A further aspect of the invention provides a pharmaceutical and optionally cosmetic composition for the therapeutic or prophylactic treatment of a disorder mediated by Hsp, comprising a compound of formula (I) as described above and one or more pharmaceutically or cosmetically acceptable carriers and/or excipients, wherein the disorder is selected from: a neurodegenerative disease, a cancer disease, a metabolic syndrome, a lysosomal storage disease, and a skin disorder condition, and wherein the treatment further comprises administering at least one therapeutic agent selected from an agent useful for treating a neurodegenerative disease, a cancer disease, a metabolic syndrome, a lysosomal storage disease, or a skin disorder.

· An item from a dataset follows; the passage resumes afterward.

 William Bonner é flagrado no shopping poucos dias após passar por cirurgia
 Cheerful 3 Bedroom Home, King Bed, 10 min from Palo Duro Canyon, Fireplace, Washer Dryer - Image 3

Another aspect of the invention provides a compound of formula (I) as described above for use in a combination therapy, wherein the combination therapy comprises administering to a patient an effective amount of a compound of formula (I) as described above, simultaneously, separately or sequentially, together with heat treatment or together with other therapies for the treatment of a given pathophysiological state.

Another aspect of the present invention provides certain novel compounds and stereoisomers of formula (I), including enantiomers, diastereomers, racemic mixtures, mixtures of enantiomers and combinations thereof, as well as polymorphs, pharmaceutically acceptable salts, solvates, esters and prodrugs thereof, in enantiomerically enriched form, as described below, and further provides pharmacological and cosmetic compositions containing them.